Segundo os cientistas que participaram no estudo, o aquecimento global — impulsionado sobretudo pela queima de combustíveis fósseis — aumentou não só a frequência das condições meteorológicas propícias a incêndios, mas também a sua intensidade. De acordo com a análise, estas condições são agora cerca de 40 vezes mais prováveis e os episódios são, em média, 30% mais intensos.
“Sem o aquecimento provocado pelas atividades humanas, condições como as que observámos este verão teriam lugar apenas uma vez a cada 500 anos. Atualmente, ocorrem aproximadamente uma vez a cada 15 anos”, explicou Theo Keeping, investigador do Imperial College London.
As temperaturas elevadas secam rapidamente a vegetação, tornando-a combustível ideal para incêndios de grande dimensão. Estes, por sua vez, podem tornar-se autoalimentados, criando os seus próprios ventos e espalhando fagulhas que dão origem a novos focos em áreas próximas.
Para além do aquecimento global, outros fatores têm vindo a agravar o impacto dos incêndios. O êxodo rural e o abandono progressivo da agricultura tradicional deixaram vastas áreas de terreno sem utilização, o que contribui para o acúmulo de vegetação seca e inflamável.

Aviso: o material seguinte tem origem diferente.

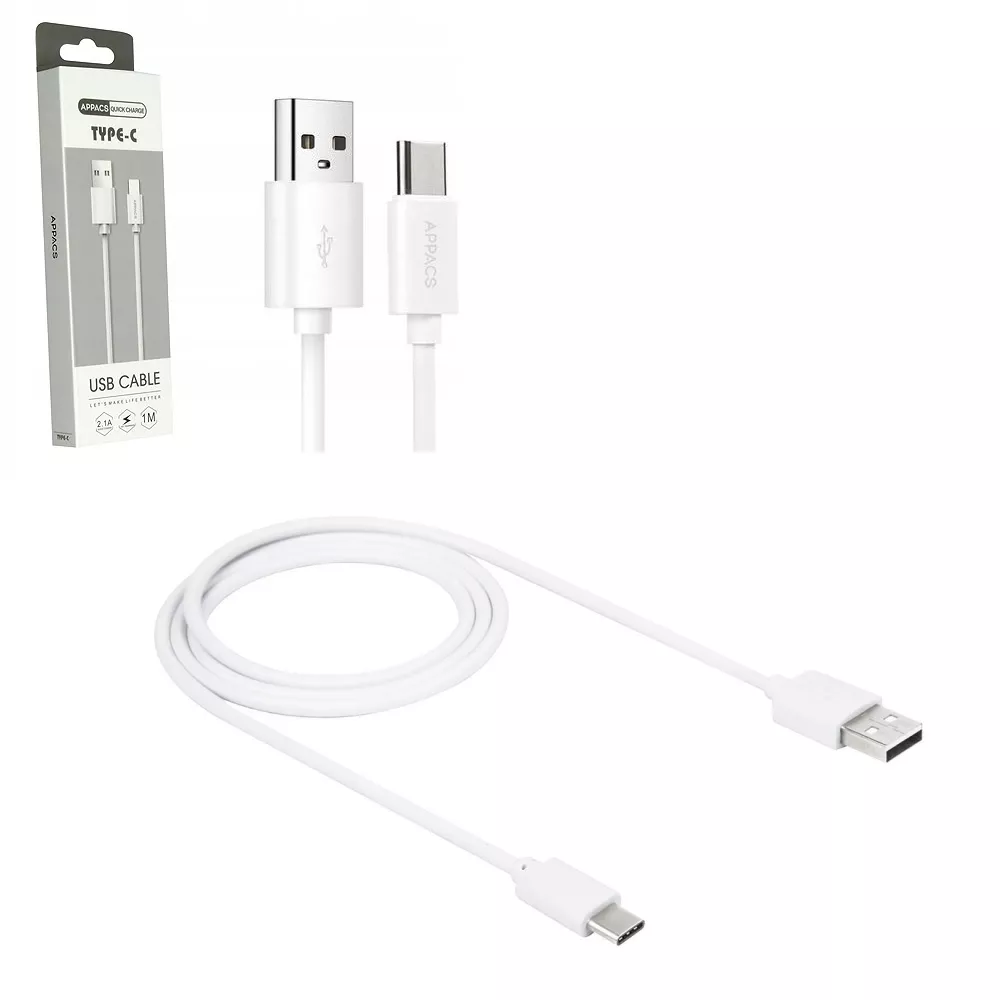Cable USB a USB Tipo C -  Cargador y Sincronizador - Blanco 2 MTS - 253947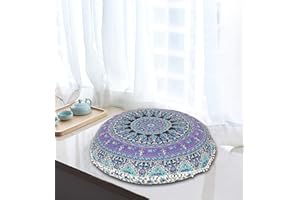 MY DREAM CARTS 32" Purple Mandala Floor Pillow Meditation Cushion Seating Throw Hippie Decorative Bohemian Indian Plants Designs Comfortable Cushions Pillowcases Luxury Decor Planet Popular Creations (Cover Only)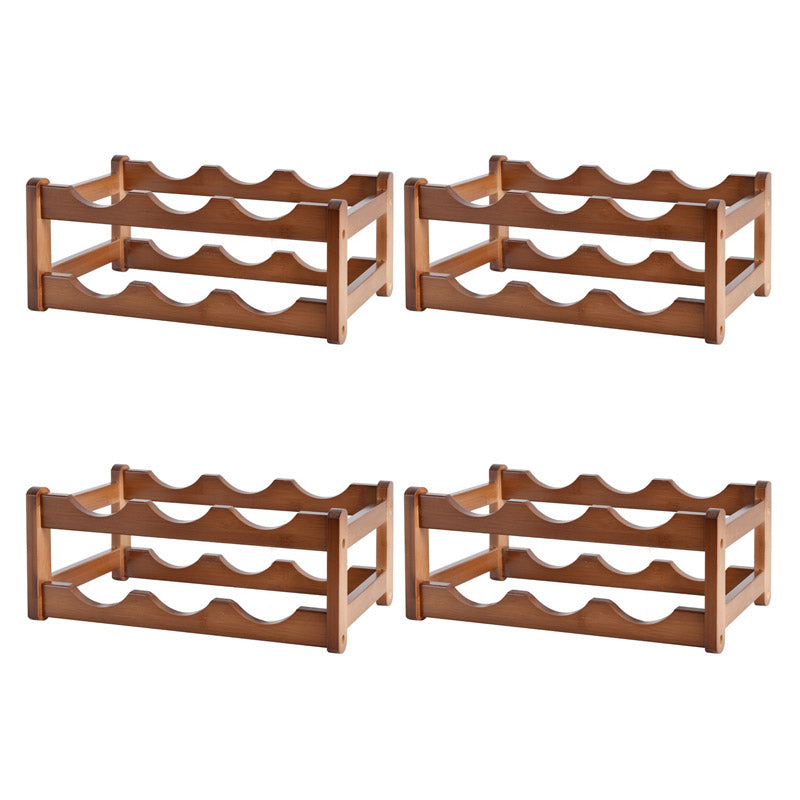 Modern Tabletop Wine Rack Solid Wood Wine Bottle Rack for Living Room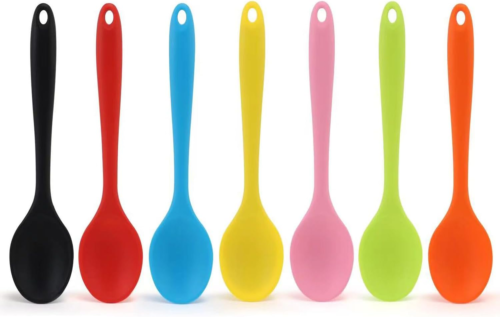 7 Pcs Small Silicone Spoon Nonstick Kitchen Spoon Heat Resistant Silicone Mix - Picture 11 of 12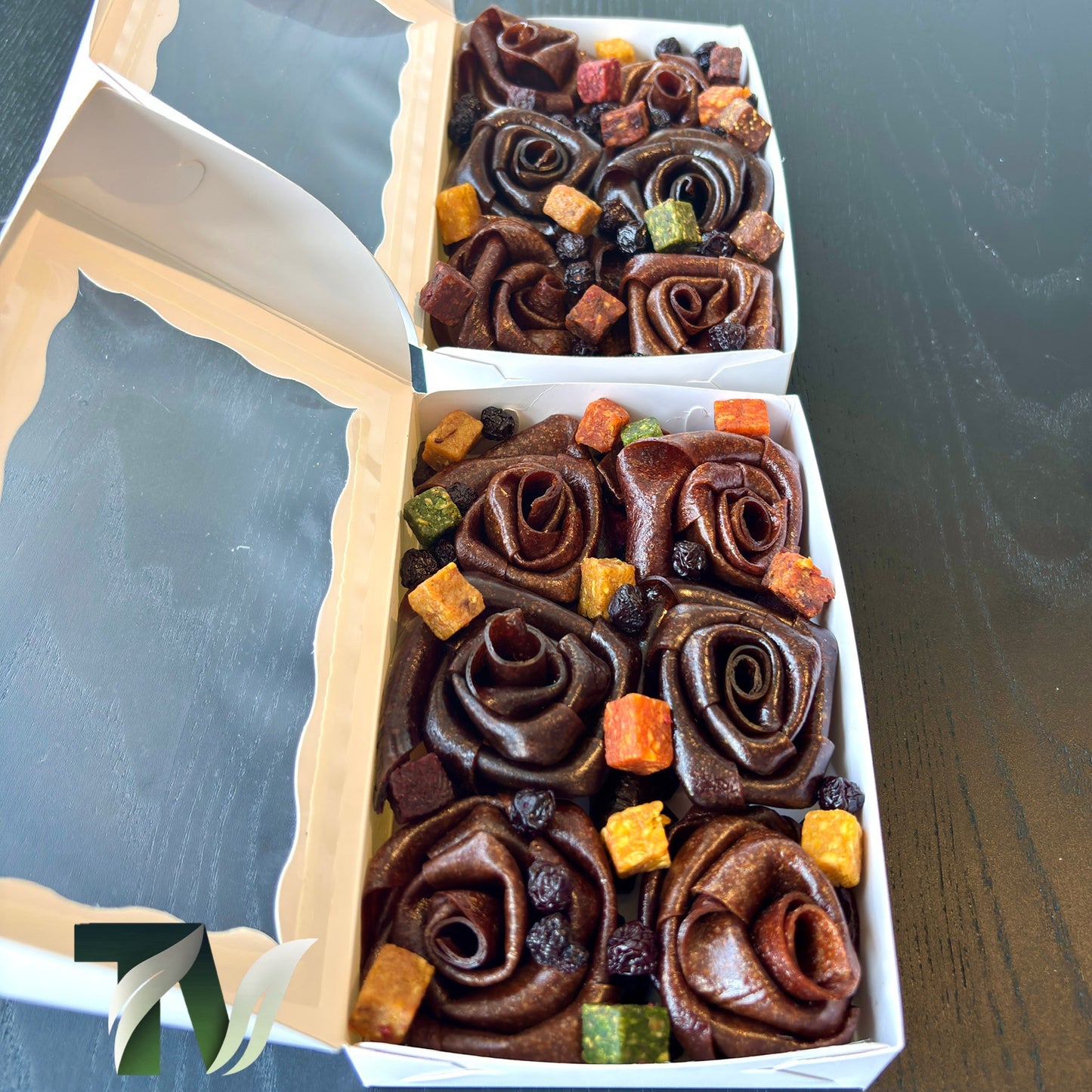 Persian Lavashak (Fruit leather) fgift box, rose shaped design by Tasty Vita fruit snack shop, cube fruits, dried sour cherry, chewy fruit product, healthy gift for birthday, holiday, christmas, and any occasions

Maja Vahlberg, consultora do Centro Climático da Cruz Vermelha e do Crescente Vermelho, alertou para a perda do “controlo natural da vegetação”, anteriormente mantido por práticas agrícolas e de pastoreio.
Ricardo Trigo, professor da Universidade de Lisboa, reforçou que o despovoamento do interior desde a década de 1970 permitiu a acumulação de combustíveis finos em níveis perigosos, agravado ainda por uma gestão florestal ineficaz.
Em Portugal, mais de 280 mil hectares arderam desde o início do ano, segundo dados do Sistema Europeu de Informação sobre Incêndios Florestais. Em Espanha, o número ultrapassou os 380 mil hectares, o que constitui um novo recorde.
A onda de calor que assolou Espanha durante 16 dias em agosto foi a mais intensa desde que há registos, de acordo com a agência meteorológica nacional espanhola, AEMET. As temperaturas médias estiveram 4,6 graus Celsius acima das observadas em anteriores ondas de calor.
Desde 1975, Espanha registou 77 ondas de calor. Destas, seis ultrapassaram os quatro graus acima da média e cinco ocorreram desde 2019.
O impacto humano também foi significativo: segundo uma estimativa divulgada pelo Instituto de Saúde Carlos III, mais de 1.100 mortes em Espanha poderão estar associadas à onda de calor de agosto.